Notably, many needed reforms will do little, if anything, to address the state’s immediate fiscal crisis. Restructuring education to pay the best teachers more and remove the worst teachers from the classrooms or requiring newly hired public employees to work until they are at least 60 before they receive full retirement benefits are unlikely to save the state any money during the next two years.
Neither is amending the state collective bargaining statutes to open labor contracts automatically in the event of a fiscal emergency and making elected officials, as opposed to arbitrators, ultimately responsible.
They may, however, be the only thing that saves it over the next 20.
Next, we anticipate the state will turn its attention to economic development. Nevada has two very distinct economic development challenges. The first is finding jobs for the 186,000 people actively seeking employment; the second is diversifying the economy to reduce our dependence on the tourism and construction sectors.
Education may very well be the most important ingredient to longer-run economic prosperity, but improving education as a means of alleviating our immediate unemployment challenges is like using a typewriter to make a telephone call.
We need to recommit to economic development with the goal of not only attracting new businesses but also retaining and expanding those we have today. That said, economic development needs to be more a community imperative than a state initiative. Local business and industries have an incentive to attract high-quality suppliers, vendors or customers to the state.
In the near term, Nevada should take steps wherever possible to get people back to work. Construction and development workers account for one in every three displaced workers. Nevada remains behind in terms of its major infrastructure master plans as well as needed maintenance.
While construction for the sake of construction is bad public policy, investing in needed infrastructure provides jobs immediately, strikes at our unemployment base and leaves the state with long-term assets. Along these same lines, removing the barriers to public-private partnerships, eliminating tax sunsets for water and wastewater programs and facilitating export of power could also lead to near-term job creation.
At the same time we should remove any incentive for displaced workers to remain on unemployment rolls.
If we make Nevada a better place to live for our families or a better place to do business for our companies, new businesses and residents will follow. In the longer run, education will be key to economic development, as will focusing our efforts and resources to effectuating a community-based plan. This process and these reforms should be concurrent, not consecutive.
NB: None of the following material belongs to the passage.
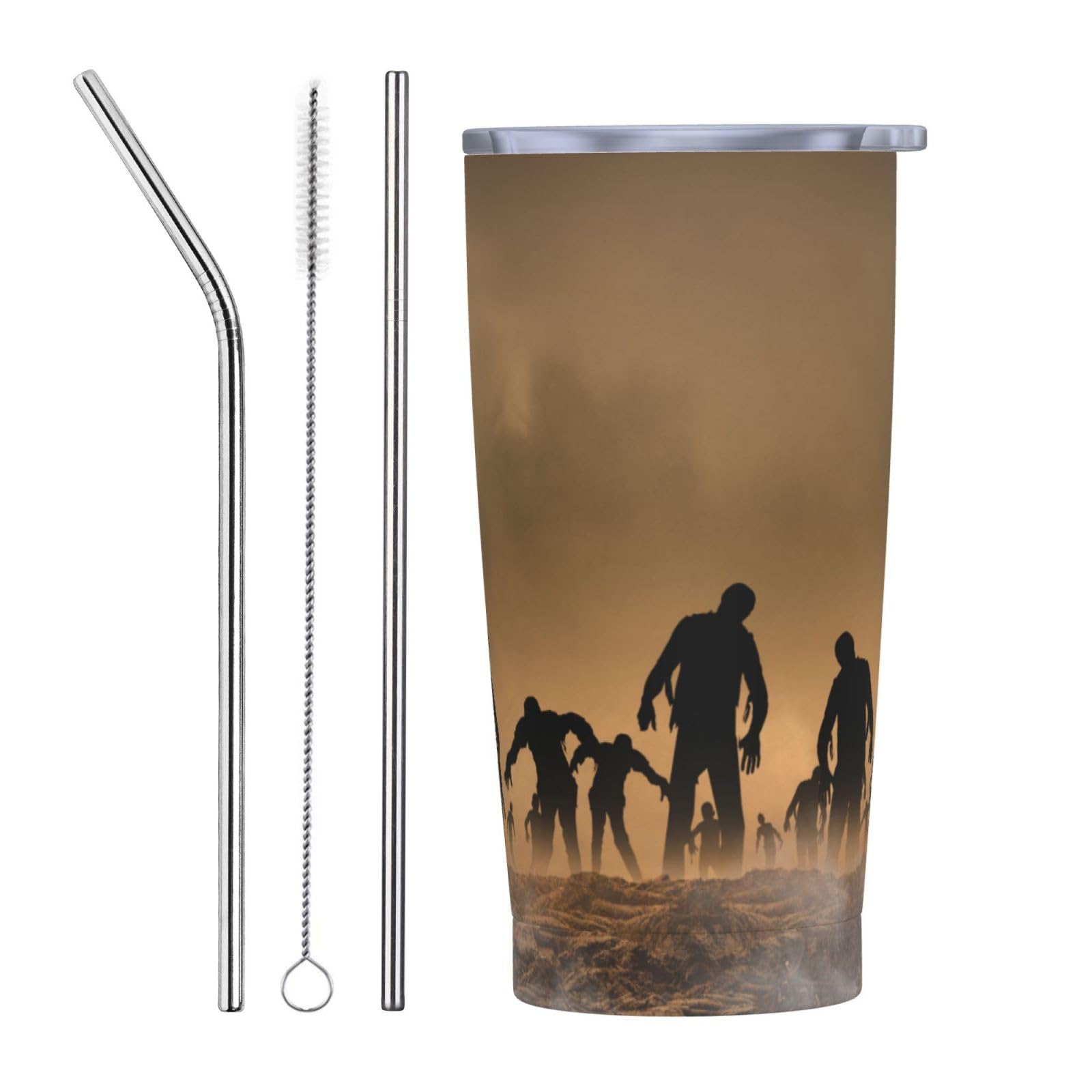 Tazza termica portatile con stampa di molti zombie in acciaio inox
Finally, legislators in 2011 will likely undertake some degree of revenue reform. Existing revenue streams are insufficient to maintain services at current levels. For purposes of our internal analyses, we have been assuming a revenue neutral state budget for 2011-13 (i.e., one that holds expenditures and service levels constant).
Assuming roughly half the budget shortfall is addressed through reforms leaves a $1 billion to $1.5 billion state budget deficit.
Whether that shortfall is addressed through the reauthorization of taxes that are scheduled to sunset or adding a new revenue source, or whether it is mitigated by deeper budget cuts, the shortcomings of our state’s fiscal system are clear, well-documented and worthy of consideration.
The task before legislators is overwhelming. Our worn boot leather is making it harder to kick the can down the road, and new faces, new ideas and new alliances will add to the process but make the learning curve steep. These challenges notwithstanding, there is little doubt that what the 76th Legislature does over the next six months will lay the foundation Nevada’s growth and prosperity for the next 20 years.
Jeremy Aguero is the principal analyst for the Las Vegas firm Applied Analysis.